--- START ---

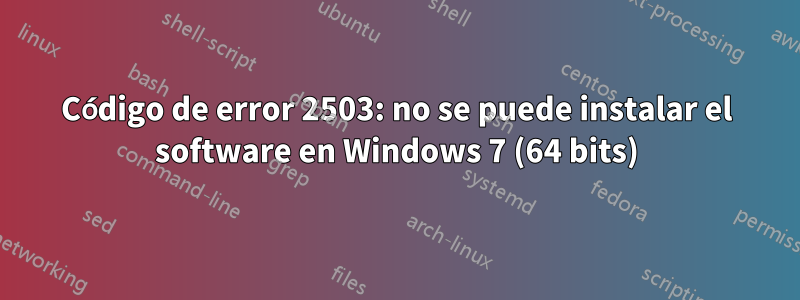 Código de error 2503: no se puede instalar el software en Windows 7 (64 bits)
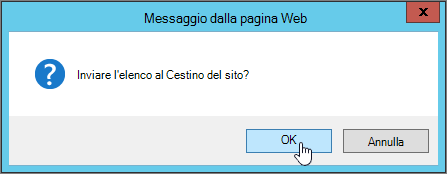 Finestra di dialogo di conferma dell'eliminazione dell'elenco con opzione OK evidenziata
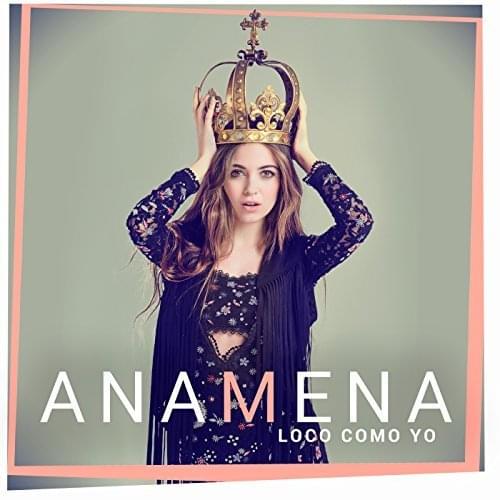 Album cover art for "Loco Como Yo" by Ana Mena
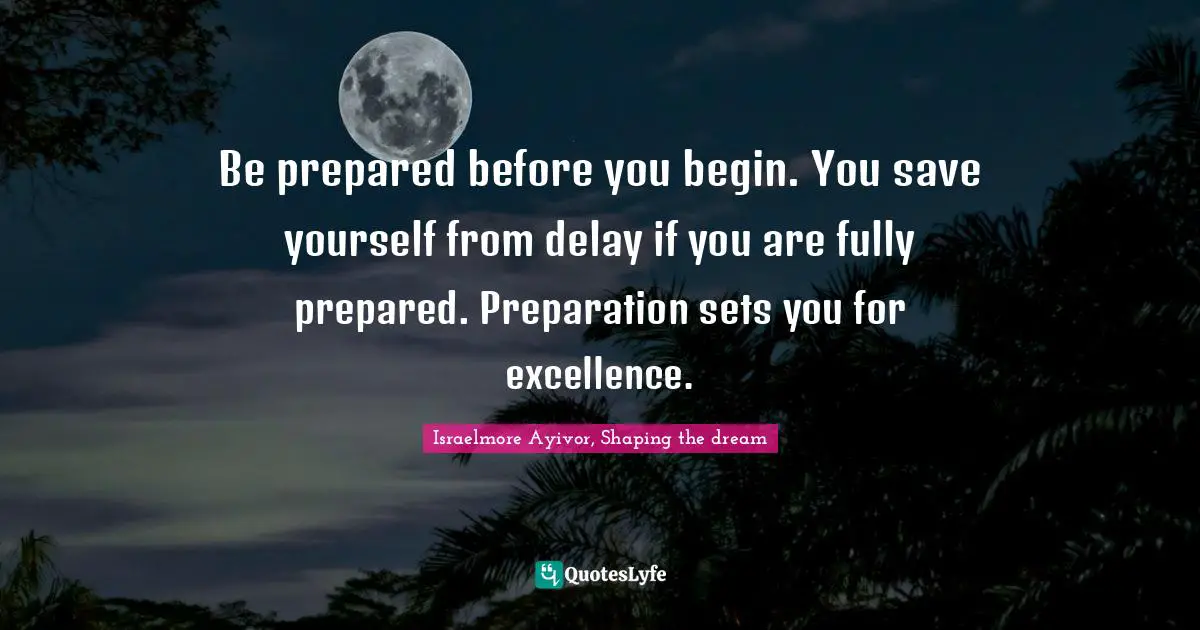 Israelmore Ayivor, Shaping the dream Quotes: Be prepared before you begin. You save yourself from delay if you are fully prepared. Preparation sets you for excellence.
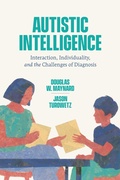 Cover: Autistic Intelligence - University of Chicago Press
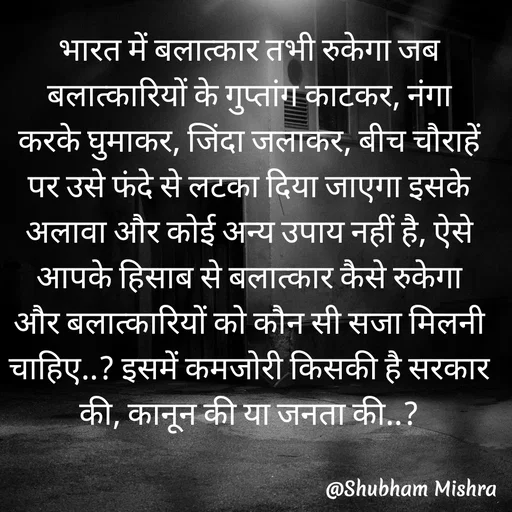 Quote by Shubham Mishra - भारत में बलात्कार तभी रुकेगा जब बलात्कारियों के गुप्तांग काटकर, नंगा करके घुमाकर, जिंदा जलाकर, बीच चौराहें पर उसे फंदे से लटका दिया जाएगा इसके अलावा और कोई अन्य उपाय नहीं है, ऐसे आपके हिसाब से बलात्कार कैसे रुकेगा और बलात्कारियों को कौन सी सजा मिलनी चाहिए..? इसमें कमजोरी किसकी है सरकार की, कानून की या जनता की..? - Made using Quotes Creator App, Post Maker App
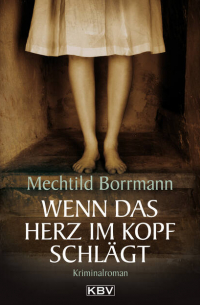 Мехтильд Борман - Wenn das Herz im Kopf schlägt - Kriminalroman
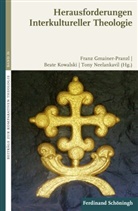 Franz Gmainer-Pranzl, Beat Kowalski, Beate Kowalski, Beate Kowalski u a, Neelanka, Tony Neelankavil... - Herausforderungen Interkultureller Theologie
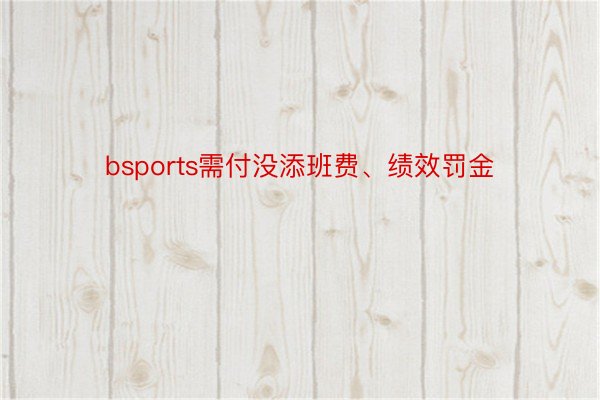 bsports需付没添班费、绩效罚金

--- END ---
--- START ---

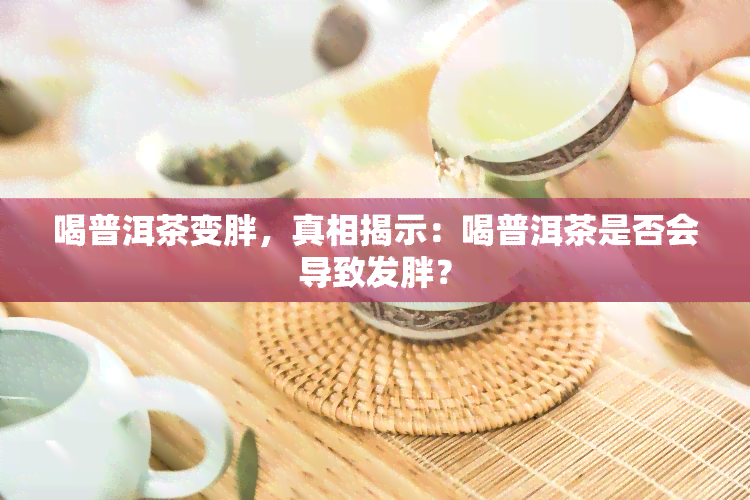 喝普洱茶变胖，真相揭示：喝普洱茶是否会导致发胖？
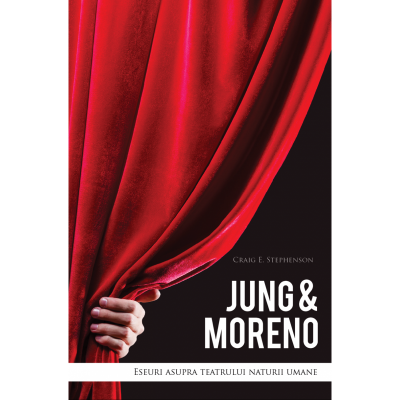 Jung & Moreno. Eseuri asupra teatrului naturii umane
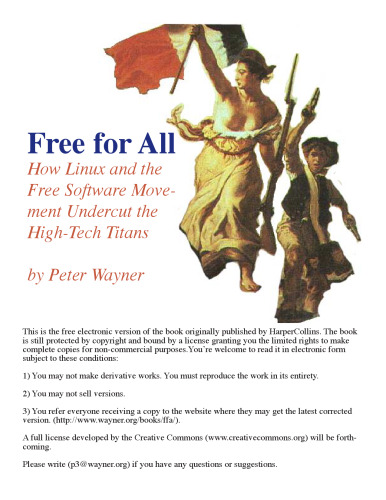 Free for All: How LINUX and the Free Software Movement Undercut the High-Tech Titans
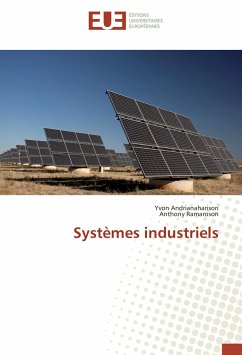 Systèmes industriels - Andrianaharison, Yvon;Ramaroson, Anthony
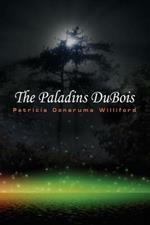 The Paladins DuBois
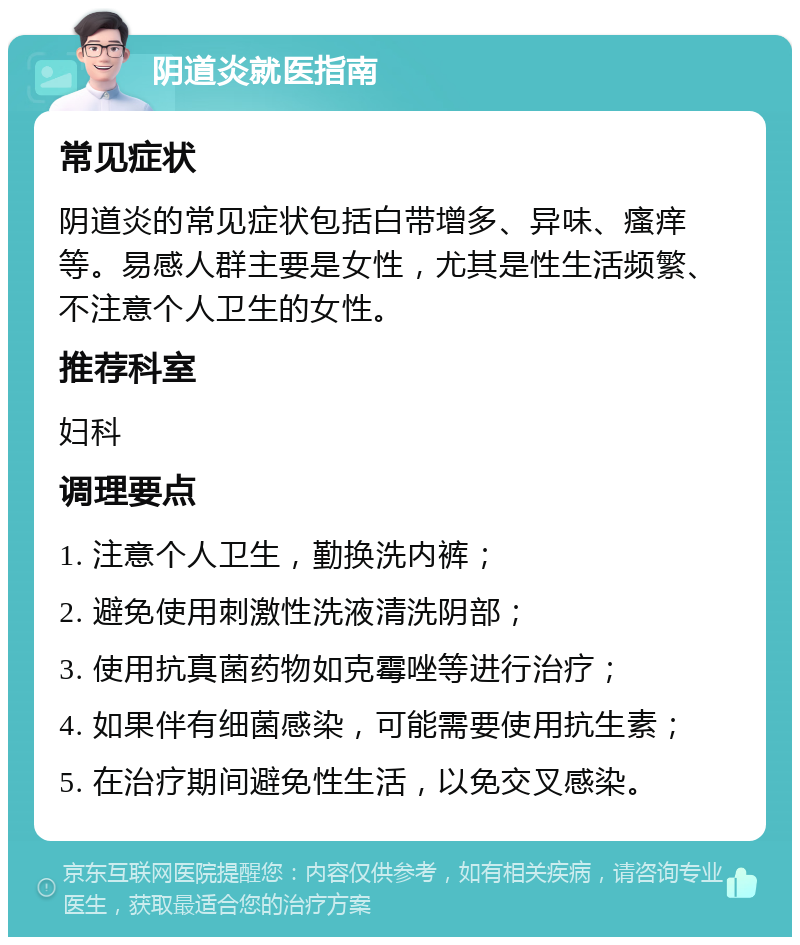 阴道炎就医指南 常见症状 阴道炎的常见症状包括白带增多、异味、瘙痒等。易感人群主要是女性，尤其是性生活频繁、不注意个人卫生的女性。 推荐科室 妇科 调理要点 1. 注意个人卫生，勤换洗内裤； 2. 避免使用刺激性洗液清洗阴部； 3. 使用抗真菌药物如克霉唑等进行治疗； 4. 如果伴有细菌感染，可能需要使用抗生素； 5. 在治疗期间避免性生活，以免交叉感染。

--- END ---

* **TRY IT**:
Copy nothing but the lines above from the one with "Franz Gmainer-Pranzl, Beat" to the one with "bsports需付没添班费、绩效罚金", inclusive, word for word. Leave every picture out.

* **RESPONSE**:
 Franz Gmainer-Pranzl, Beat Kowalski, Beate Kowalski, Beate Kowalski u a, Neelanka, Tony Neelankavil... - Herausforderungen Interkultureller Theologie
 bsports需付没添班费、绩效罚金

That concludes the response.